§ WORK TO COMPLETE: Exactly the lines from the one containing "Dior Black and" through the end of the records must be reproduced; leave out all pictures.

*** EXTRACTED ENTRIES

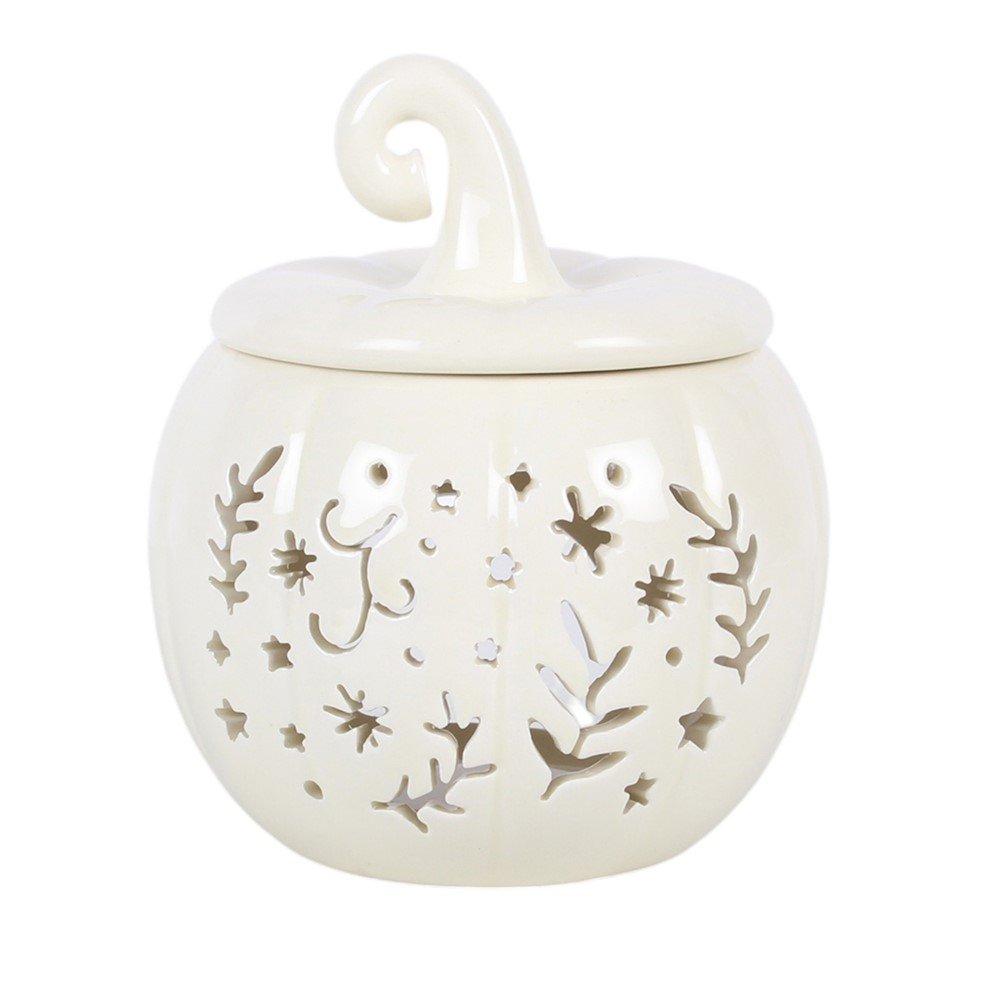 White - Something Different - Cream Folk Pumpkin Oil Burner and Wax Warmer - 2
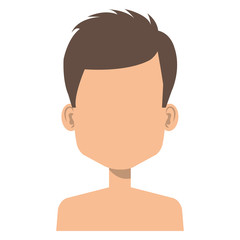 young man shirtless avatar character vector illustration design
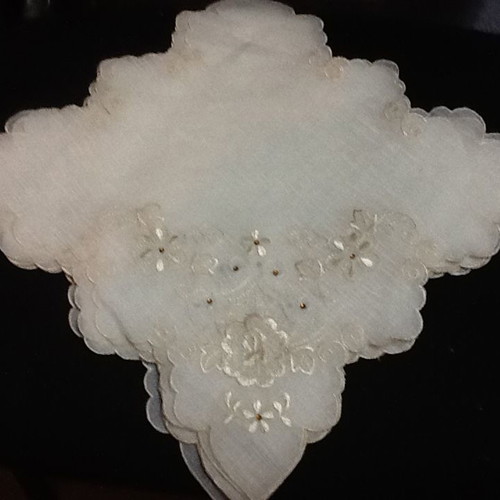 Silk napkins new, pack of 10, with embroidery and rhinestones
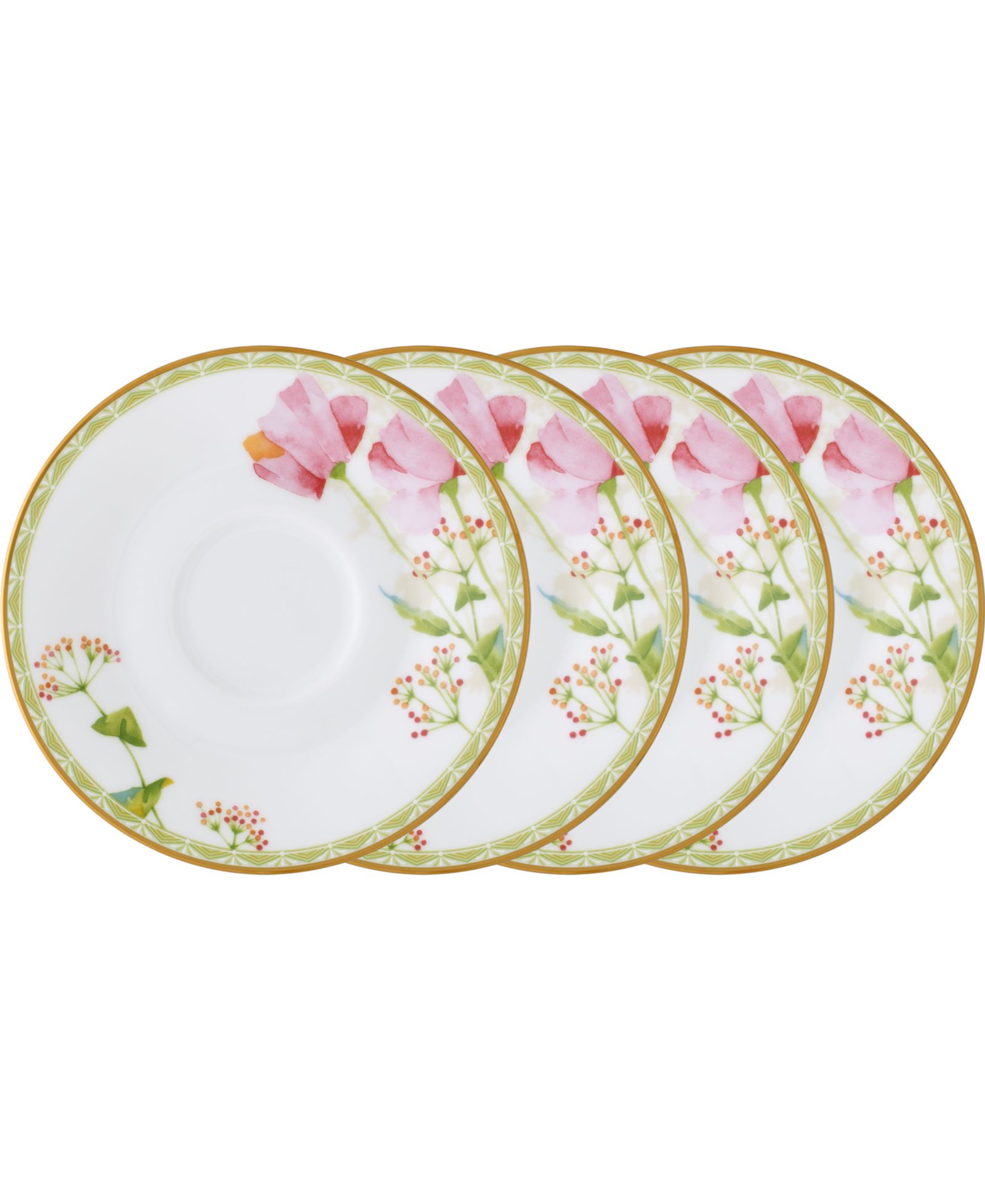 Noritake Poppy Place Set of 4 Saucers, 6"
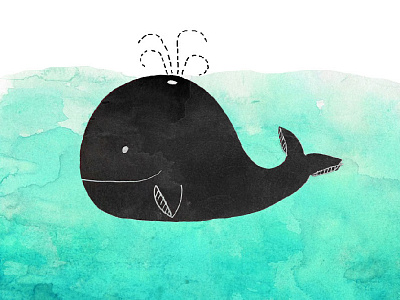 Whale animal digital graphic design illustration ocean watercolor whale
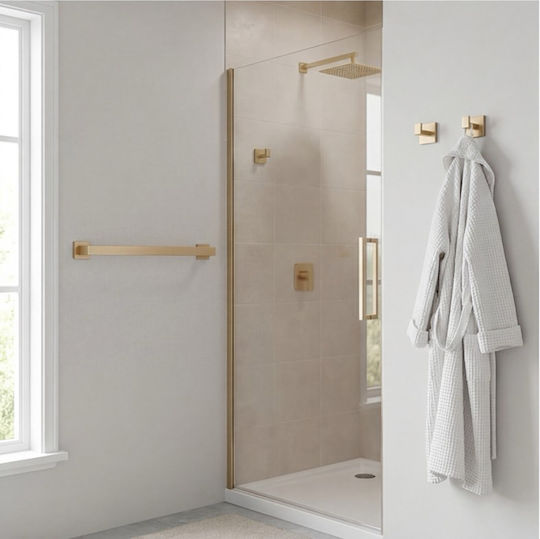 Naron Wall Mounted Bathroom Accessory Set Inox Gold 5 Pieces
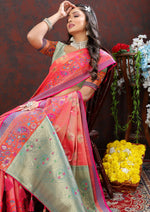 Thumbnail for Lorenvalley Fashion Peach Kanjivaram Silk Woven Design with Zari Weaving Saree - Distacart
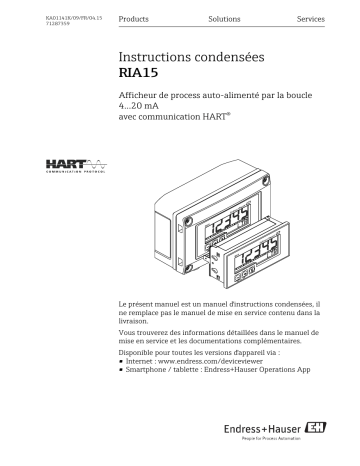 Endres+Hauser RIA15 Brief Manuel utilisateur | Fixfr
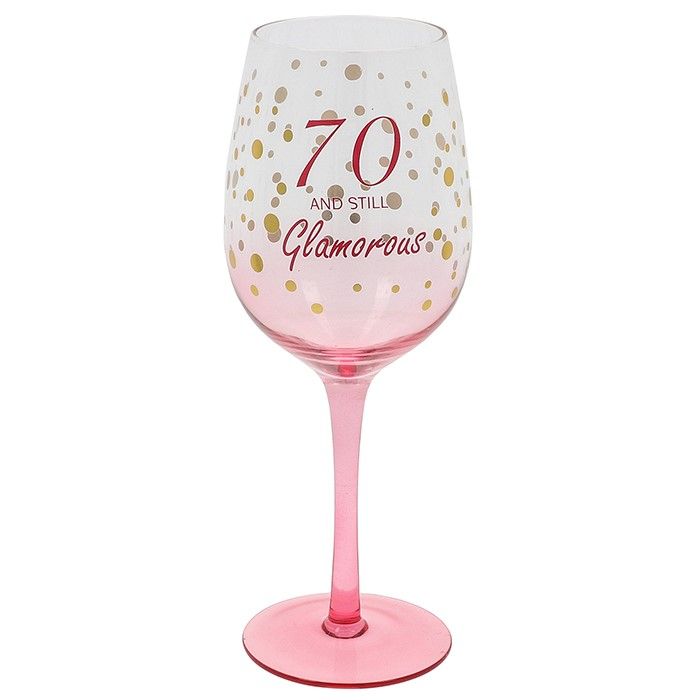 Birthday Sparkle Wine Glass Age 70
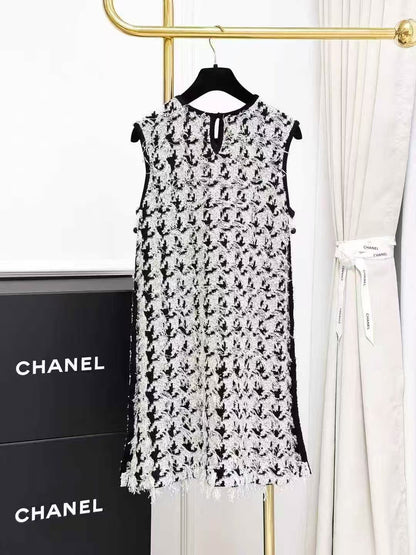 Dior Black and White Ombré 3D Fringe Sleeveless Dress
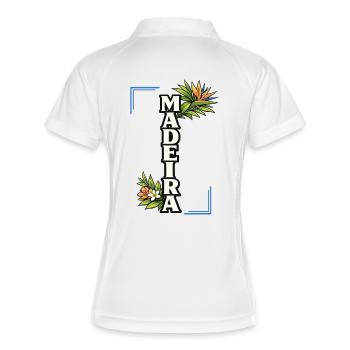 Madeira Blumeninsel Tropische Reiseliebe - Frauen Polo atmungsaktiv - Weiß/Navy - Hinten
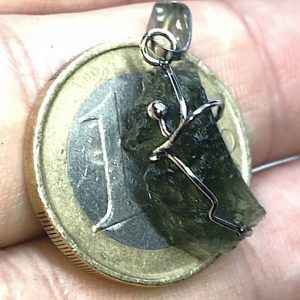 Moldavita moldavite piedra auténtica colgante plata MJCAA1B3 joya personalizada artesanal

******

§ RESPONSE AREA:
 Dior Black and White Ombré 3D Fringe Sleeveless Dress
 Madeira Blumeninsel Tropische Reiseliebe - Frauen Polo atmungsaktiv - Weiß/Navy - Hinten
 Moldavita moldavite piedra auténtica colgante plata MJCAA1B3 joya personalizada artesanal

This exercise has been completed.